■ **WHAT YOU HAVE TO DO**
Would you repeat the listing exactly, without any of its images?

━━━

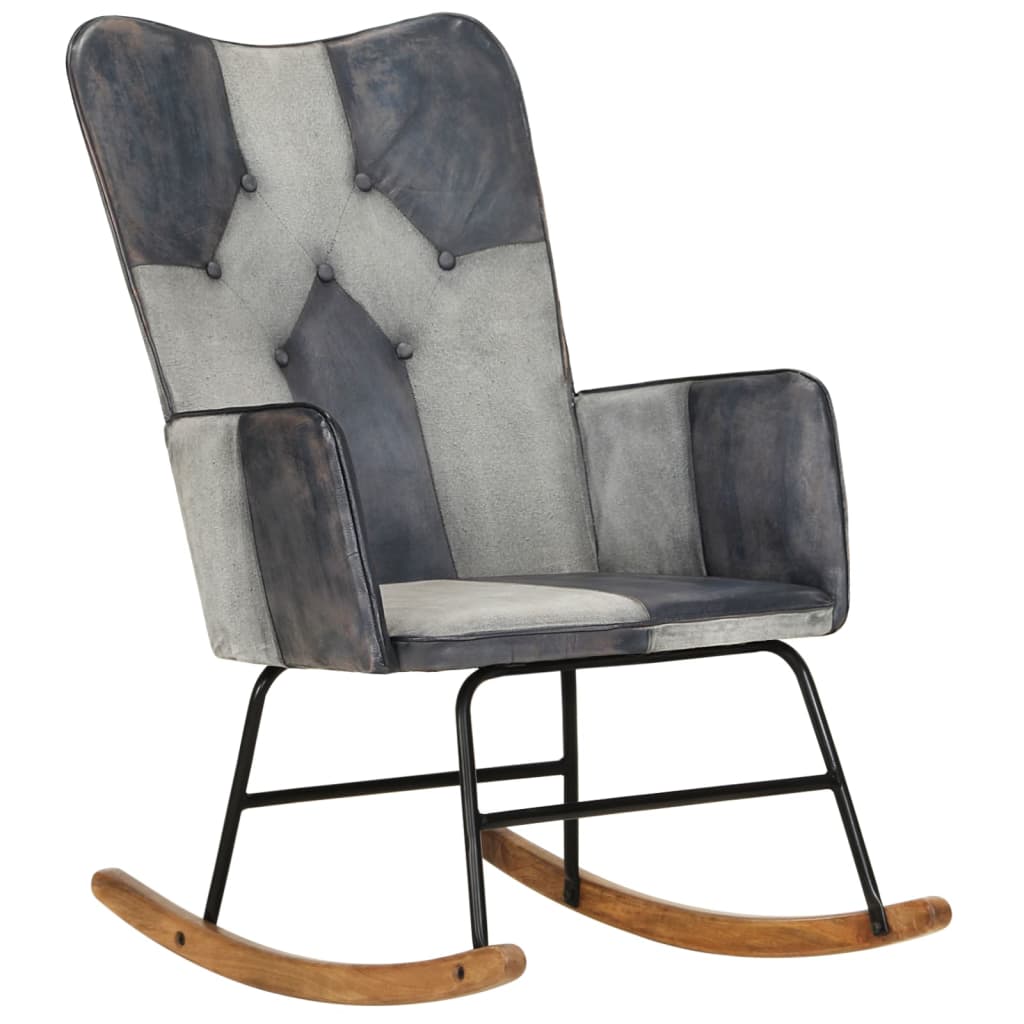 Fauteuil à bascule en cuir véritable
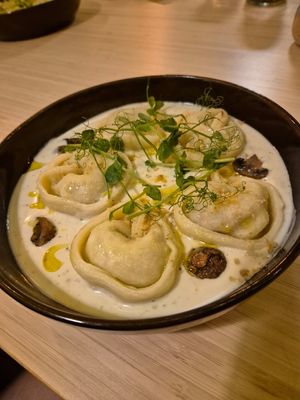 Mushroom tortellini at Palo Verde in Prague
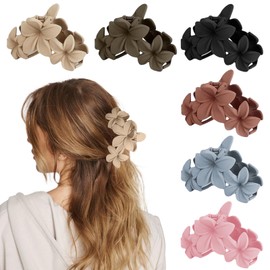 6 Pack Flower Hair Claw Clip for Women, Non-slip Flower Hair Claws, Strong Hold Girls Claw Clip for Medium Thick, Colorful Eggplant Styling Accessories Jaw Clips for Straight Curly Wavy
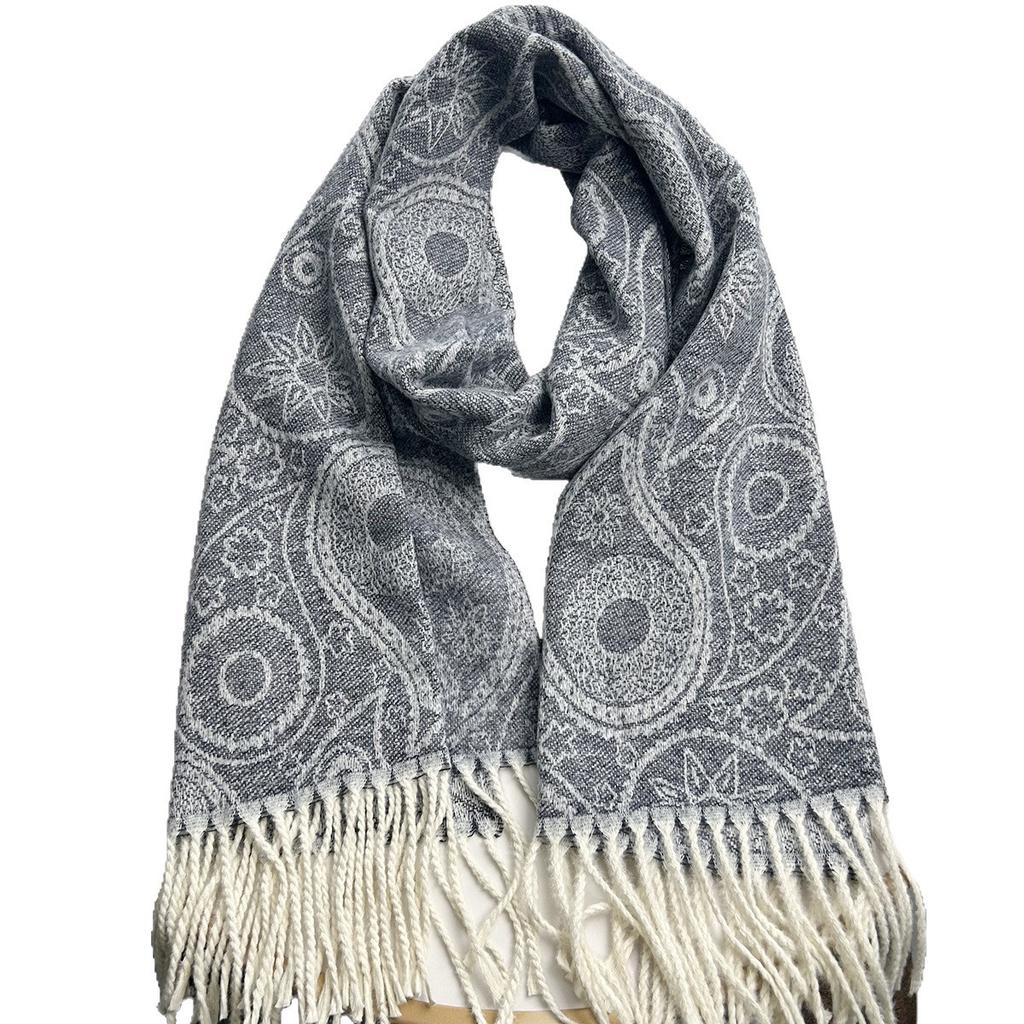 New Autumn and Winter Scarf with Cashew Flower Warm Large Shawl Imitation Cashmere Long Tassel Scarf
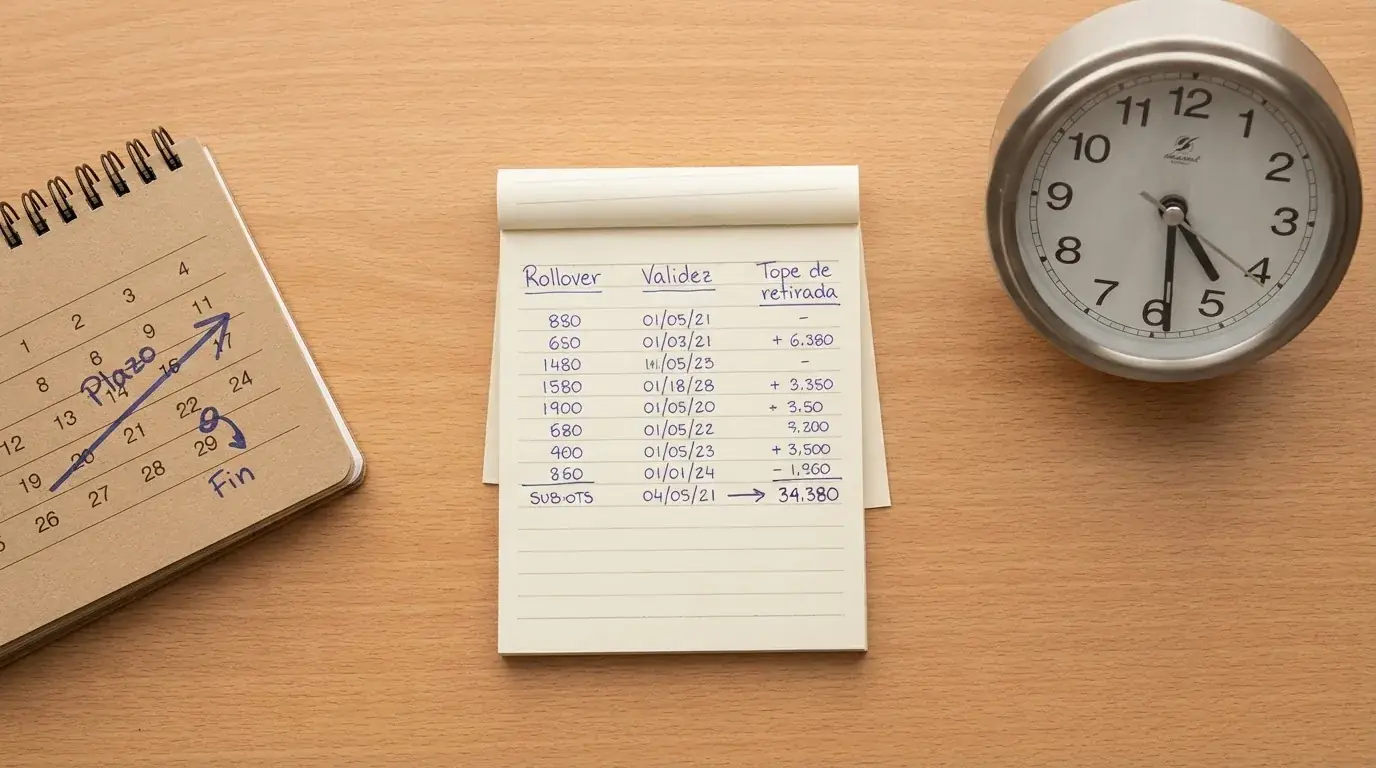 Una tabla comparativa con las condiciones clave de un bono sin depósito — rollover, plazo de validez y tope de retirada — junto a un calendario y un reloj que representan la caducidad.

━━━

■ **REPLY TO THE TASK**
 Fauteuil à bascule en cuir véritable
 Mushroom tortellini at Palo Verde in Prague
 6 Pack Flower Hair Claw Clip for Women, Non-slip Flower Hair Claws, Strong Hold Girls Claw Clip for Medium Thick, Colorful Eggplant Styling Accessories Jaw Clips for Straight Curly Wavy
 New Autumn and Winter Scarf with Cashew Flower Warm Large Shawl Imitation Cashmere Long Tassel Scarf
 Una tabla comparativa con las condiciones clave de un bono sin depósito — rollover, plazo de validez y tope de retirada — junto a un calendario y un reloj que representan la caducidad.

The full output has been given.